潮の満ち引きに合わせて、海水が静かに出入りしていた。
誰もいない水族館が、わずかに呼吸しているようだった。
魚の姿は、どこにもなかった。
それでも、水槽いっぱいに広がる青だけは、なぜだか胸の奥に引っかかるような、懐かしさを帯びてそこにあった。
ウソップは水槽の前にしゃがみこみ、手元の工具で割れたパイプの断面を覗き込んでいた。
「たぶん……こっから水を引き込んでたんだな。すげぇ仕組みだよ、これ……」
彼の声には、小さな興奮が滲んでいた。けれど、その奥には、かすかな寂しさも見え隠れしていた。

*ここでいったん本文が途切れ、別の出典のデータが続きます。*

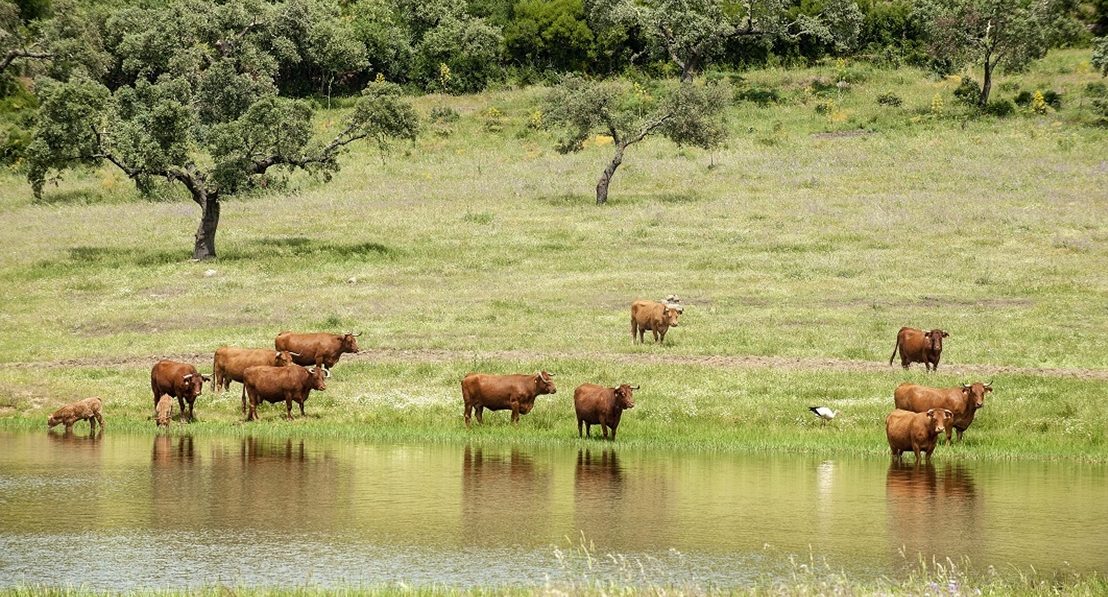 Ternera de Extremadura estrena reglamento y saborea su éxito del 2017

「ここを作った人は……一体何を意図したかったのでしょうね」
その問いは、ロビンの静かな声に溶けるように重なった。
一瞬、空気がわずかに重くなる。
ゾロは黙ったまま目を伏せ、チョッパーは水槽の奥をじっと見つめていた。
コツ、コツ、と軽やかな足音が静寂を割った。
「なんかよ……ここ、思ってたよりヘンな場所だな」
ルフィがふらりと中に入り、天井を見上げながら呟く。
その声には、いつもの無邪気さがあった。けれど、その瞳だけが、どこか遠くを見ていた。
「魚いねェのによ、水の音だけずっとしてて…」
「……それが逆に、不気味なのよ」
ナミが壁際から声を投げる。
彼女は埃を払って展示プレートを読み込んでいた。顔には複雑な影が浮かんでいる。
「この施設、外の海流を引き込んで、自然の海を“再現”しようとしてたみたい。
でもね、構造が複雑すぎて……たぶん、途中からメンテナンスが追いつかなくなったんじゃないかしら」
「……なんとなく、わかる気がするな」
ウソップがぽつりと呟いた。
顎に手を当てたまま、目線は自分の掌へと落ちていく。
「モノってさ、止まった瞬間から、崩れてくんだ。 ちゃんと動かしてるつもりでも、ほんのちょっと手を離しただけで……
すぐに、何もかもが……」
そこで言葉が途切れる。
ゾロがちらと横目で彼を見たが、何も言わなかった。
ルフィは水槽の前まで歩いて行くと、ぺたんと床に座り込んだ。 両足を投げ出し、青い水の向こうをじっと見つめる。
「この色……メリーと似てんな」
ぽつりと落ちたその声に、誰も反応できなかった。 けれど、その場にいた全員が、きっと、同じことを思っていた。
――いつか、終わってしまうものがあるということ。 どんなに愛していても、守っても、それでも流れていく時間があるということ。
それでもなお、美しさだけは、こんなふうに、残ることがあるということだった。